One million people in Turkey are now living in temporary accommodation, including tent cities hastily erected to shelter people in freezing temperatures, the Turkish government says.

To ease the crisis, the World Bank on Friday said $1.78 billion was being put aside to help Turkey, while it prepared “a rapid assessment of the urgent and massive needs”, president David Malpass said.

The bank said $780 million would be distributed immediately as part of a growing international aid package.

About 100 countries have made significant donations of aid or have sent specialist rescue teams.

Growing anger at UN

In Syria, the disaster has sparked growing debate on how aid is distributed after the UN acted slowly to increase the amount of assistance in northern Syria through Bab Al Hawa, the one crossing point authorised by the Security Council.

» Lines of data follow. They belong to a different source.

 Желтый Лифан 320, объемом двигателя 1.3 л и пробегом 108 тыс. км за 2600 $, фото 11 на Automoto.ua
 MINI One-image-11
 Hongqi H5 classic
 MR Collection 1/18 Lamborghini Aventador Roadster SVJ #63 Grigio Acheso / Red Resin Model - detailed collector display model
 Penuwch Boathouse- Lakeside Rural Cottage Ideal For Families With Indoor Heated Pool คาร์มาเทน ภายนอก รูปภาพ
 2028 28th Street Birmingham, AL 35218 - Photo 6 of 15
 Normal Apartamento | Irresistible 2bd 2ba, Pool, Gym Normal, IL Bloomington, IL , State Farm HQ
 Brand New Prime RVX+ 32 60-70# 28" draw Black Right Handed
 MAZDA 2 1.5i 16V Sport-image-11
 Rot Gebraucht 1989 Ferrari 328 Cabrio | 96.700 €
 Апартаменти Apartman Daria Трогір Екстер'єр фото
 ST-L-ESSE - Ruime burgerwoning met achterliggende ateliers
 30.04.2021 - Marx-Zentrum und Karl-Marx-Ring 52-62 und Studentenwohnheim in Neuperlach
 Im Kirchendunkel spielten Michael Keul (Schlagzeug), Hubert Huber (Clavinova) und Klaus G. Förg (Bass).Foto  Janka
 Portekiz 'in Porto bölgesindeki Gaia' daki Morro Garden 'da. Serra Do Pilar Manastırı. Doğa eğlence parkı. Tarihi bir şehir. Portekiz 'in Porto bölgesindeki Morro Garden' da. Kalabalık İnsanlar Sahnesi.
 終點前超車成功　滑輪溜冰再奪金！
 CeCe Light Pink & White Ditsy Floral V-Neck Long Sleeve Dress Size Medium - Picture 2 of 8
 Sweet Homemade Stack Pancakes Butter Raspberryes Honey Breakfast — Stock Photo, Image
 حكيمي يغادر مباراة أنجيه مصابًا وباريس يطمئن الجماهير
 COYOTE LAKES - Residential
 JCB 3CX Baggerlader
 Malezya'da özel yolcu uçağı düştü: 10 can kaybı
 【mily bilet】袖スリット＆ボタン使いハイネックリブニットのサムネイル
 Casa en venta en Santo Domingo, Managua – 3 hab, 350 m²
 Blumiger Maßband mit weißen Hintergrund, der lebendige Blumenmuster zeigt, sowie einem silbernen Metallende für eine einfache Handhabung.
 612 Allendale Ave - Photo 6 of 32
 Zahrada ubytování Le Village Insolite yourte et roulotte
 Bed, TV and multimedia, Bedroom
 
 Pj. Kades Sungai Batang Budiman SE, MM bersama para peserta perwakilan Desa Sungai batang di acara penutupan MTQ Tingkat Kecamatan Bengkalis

The Syrian government, supported by Russia and China at the UN, insists that all aid must be co-ordinated through Damascus because large parts of northern Syria along the border with Turkey are still controlled by rebel groups, including a coalition of militias backed by Turkey, and Al Qaeda-linked extremists. Aid agencies insist that humanitarian relief has been possible in northern Syria for years without assisting terrorist groups.

This has left UN officials increasing efforts to take the politics out of aid distribution in the north of the country.

Mr Griffiths said on Sunday that he would work hard to achieve a quick consensus on aid in northern Syria and acknowledged that the UN had so far “failed” to assist Syrians.

Some regional countries have joined an initial aid effort in northern Syria, including Egypt, Jordan and Qatar, while some UN aid has made it to hard-hit areas.

However, Syrian opposition groups say it is far from adequate and there have been small public protests in some areas to decry the slow UN response so far.

Meanwhile, a spokesman for the UN's humanitarian aid office told Reuters that “there are issues with [aid] approval” raised by Hayat Tahrir Al Sham, an Al Qaeda-linked umbrella group of opposition militants, which controls the north-western province of Idlib, home to at least one million displaced people.

The group allegedly said it did not want Damascus to benefit from aid distribution into Idlib from within Syrian territory.

The EU was also accused acting slowly to hasten the distribution of aid, but it strongly denied the claims on Sunday.

Dan Stoenescu, head of the EU delegation to Syria, said it was “unfair to be accused of not providing aid, when actually we have constantly been doing exactly that for over a decade and we are doing so much more even during the earthquake crisis”.

The first shipment of European earthquake aid to government-held parts of Syria arrived in Damascus on Sunday.